*The input*

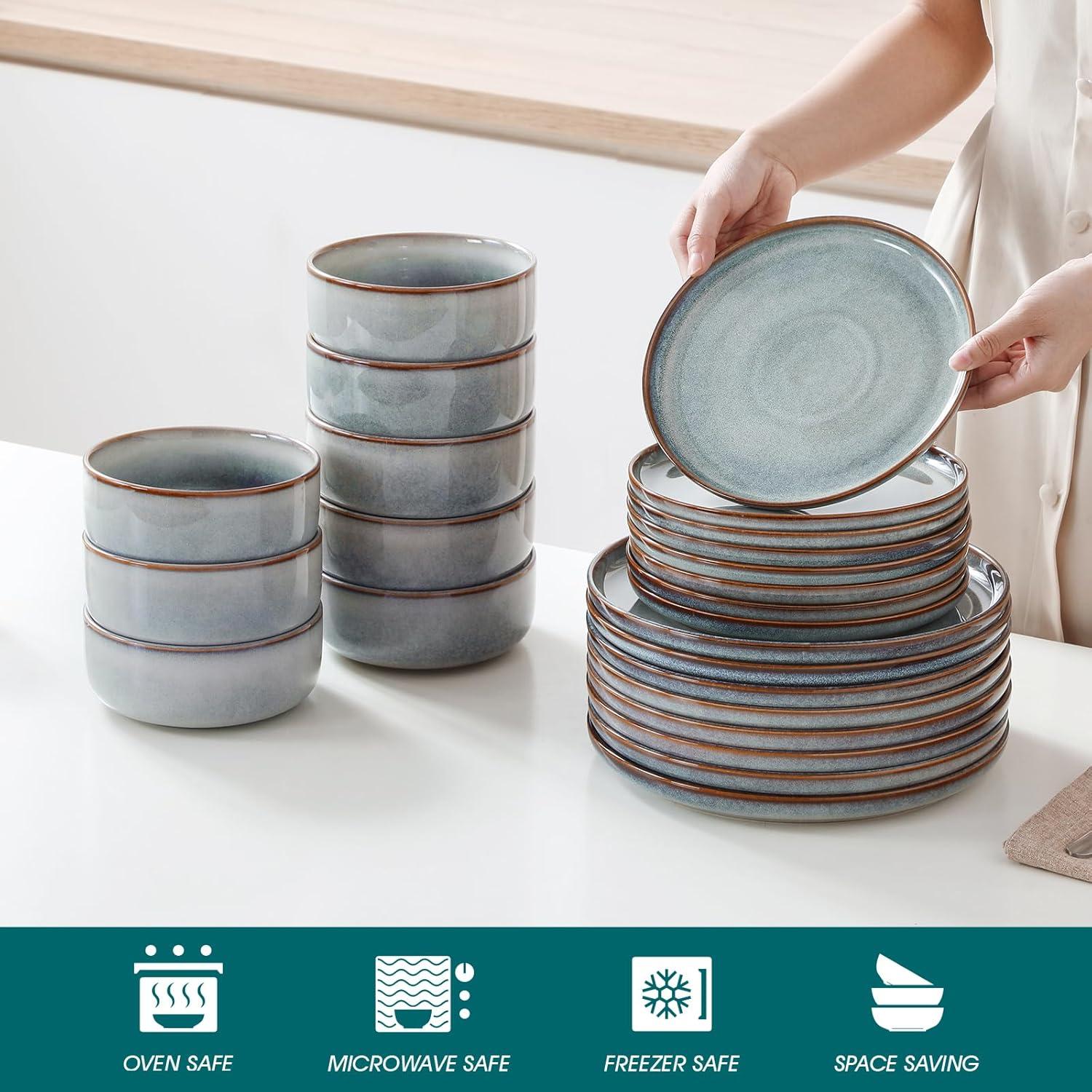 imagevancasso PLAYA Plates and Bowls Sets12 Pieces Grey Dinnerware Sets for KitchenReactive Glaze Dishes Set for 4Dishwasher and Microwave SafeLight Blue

==

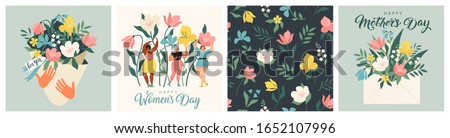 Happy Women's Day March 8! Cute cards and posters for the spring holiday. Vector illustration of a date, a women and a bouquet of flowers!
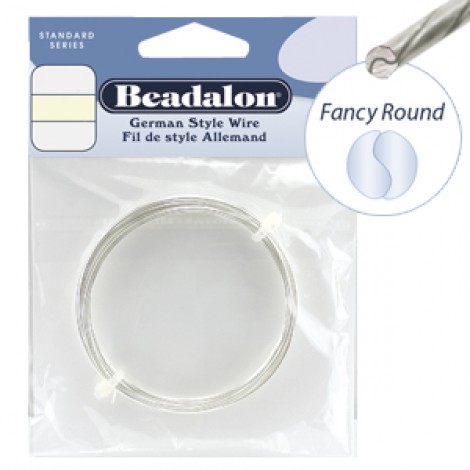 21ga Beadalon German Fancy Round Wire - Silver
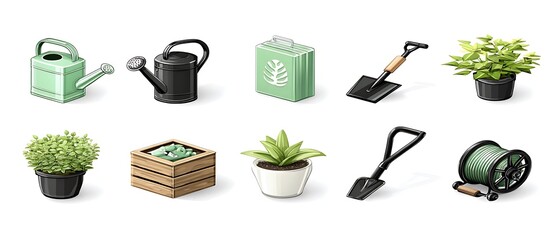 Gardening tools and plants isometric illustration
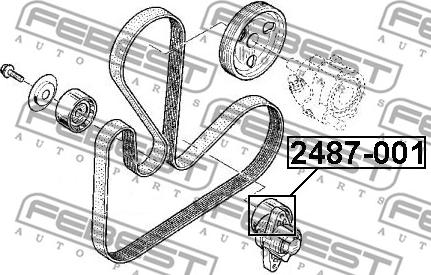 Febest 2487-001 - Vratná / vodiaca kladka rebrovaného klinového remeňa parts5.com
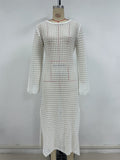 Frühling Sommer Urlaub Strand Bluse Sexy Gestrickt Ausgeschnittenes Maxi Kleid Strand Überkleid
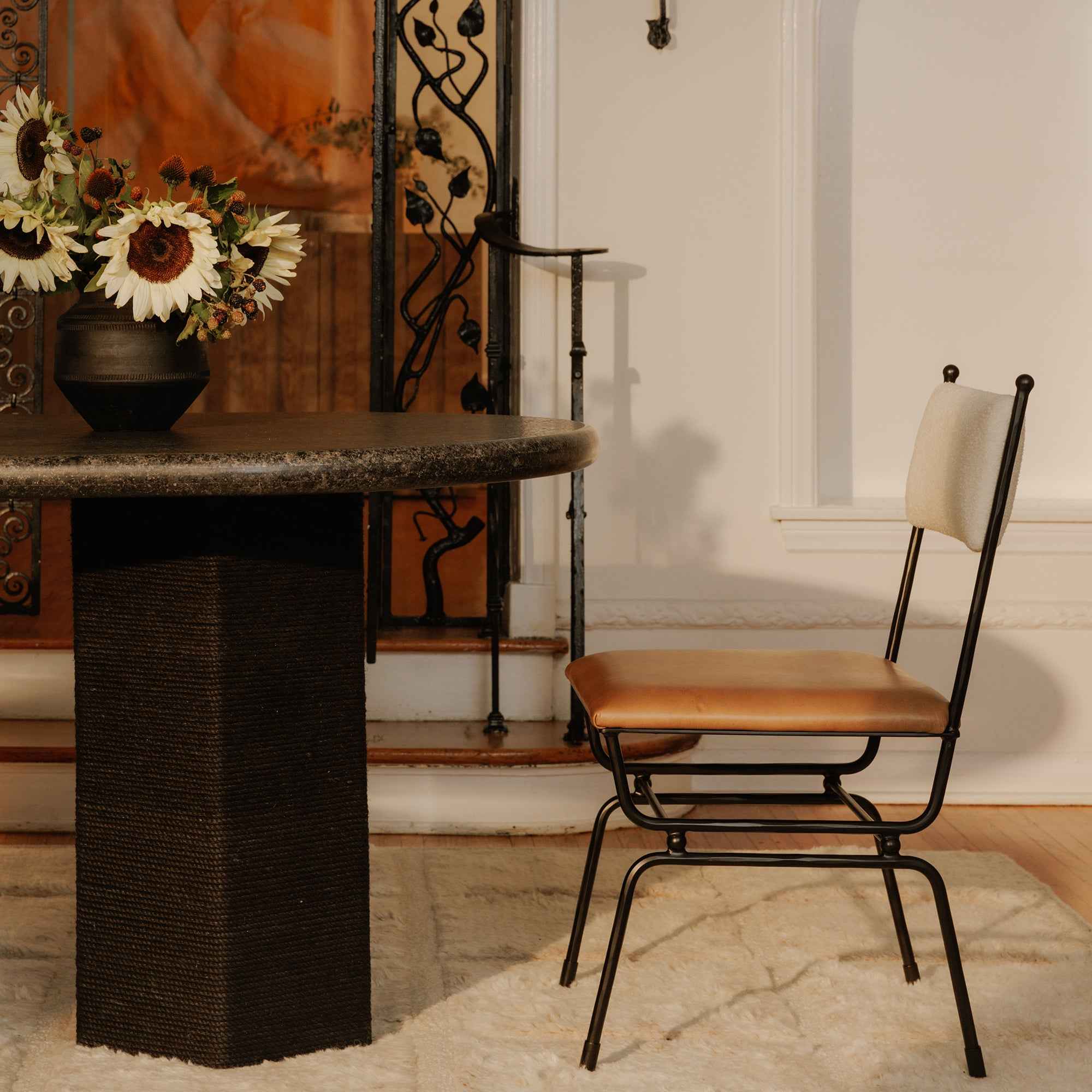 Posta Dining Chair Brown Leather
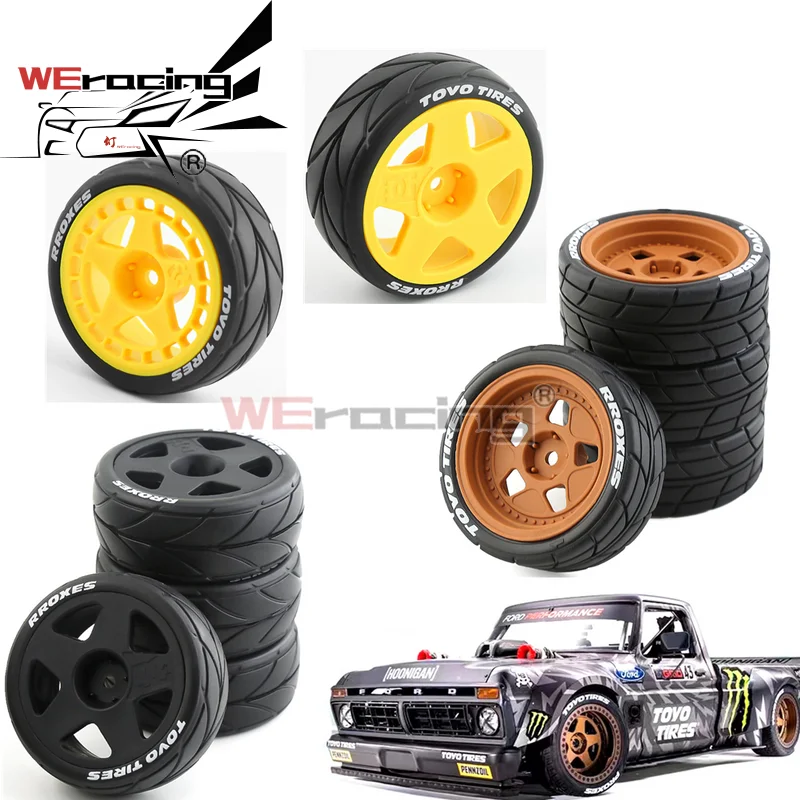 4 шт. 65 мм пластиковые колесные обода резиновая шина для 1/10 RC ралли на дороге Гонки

==

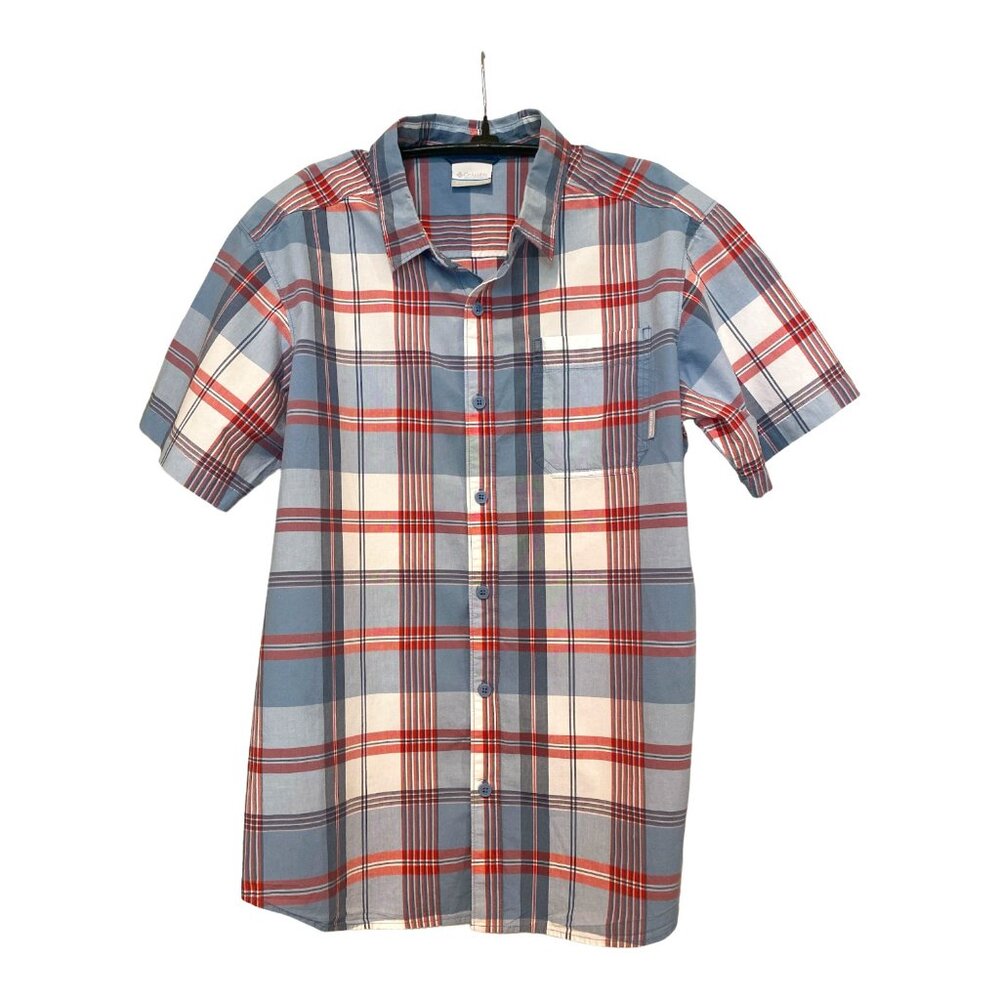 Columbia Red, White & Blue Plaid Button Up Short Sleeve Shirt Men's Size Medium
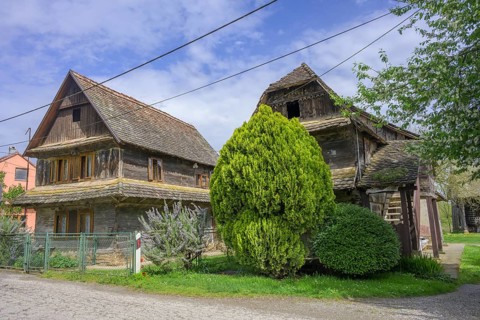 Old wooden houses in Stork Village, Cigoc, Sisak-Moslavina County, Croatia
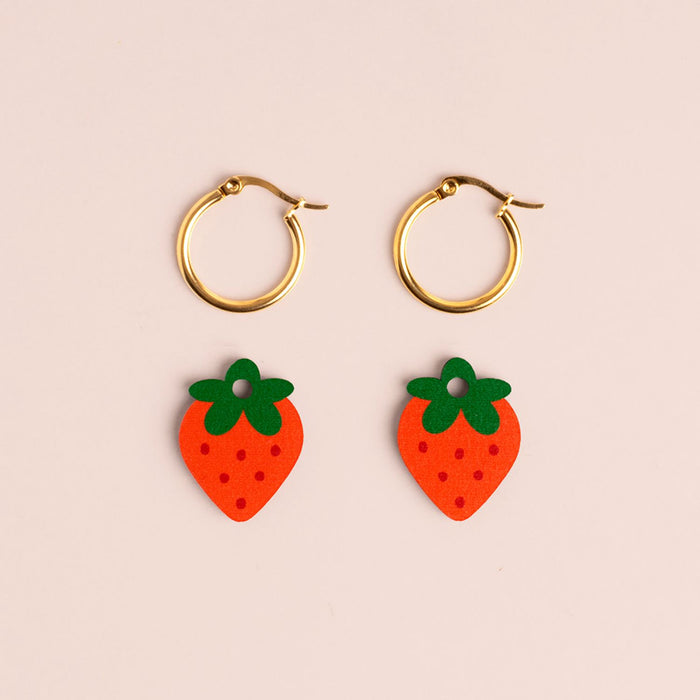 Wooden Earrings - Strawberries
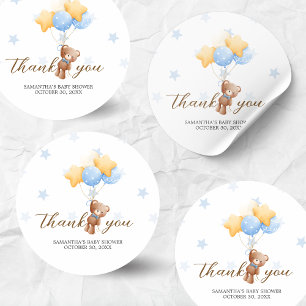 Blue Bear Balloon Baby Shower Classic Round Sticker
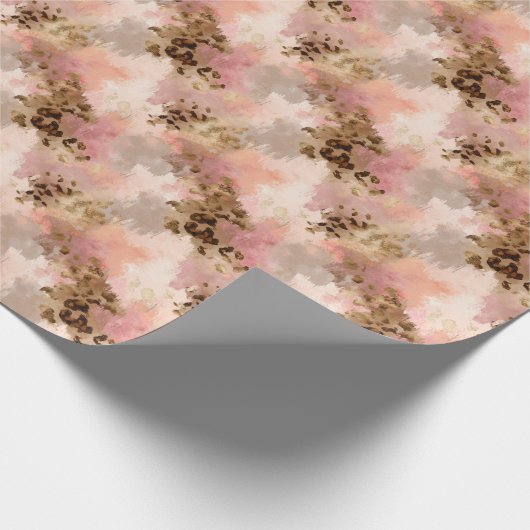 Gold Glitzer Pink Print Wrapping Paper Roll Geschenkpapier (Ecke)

*How to complete this task*
Word for word, retype the lines in the entries above that run from the one with "Old wooden houses" through the one with "Gold Glitzer Pink". Both ends count; pictures do not.

*Output of the exercise*
 Old wooden houses in Stork Village, Cigoc, Sisak-Moslavina County, Croatia
 Wooden Earrings - Strawberries
 Blue Bear Balloon Baby Shower Classic Round Sticker
 Gold Glitzer Pink Print Wrapping Paper Roll Geschenkpapier (Ecke)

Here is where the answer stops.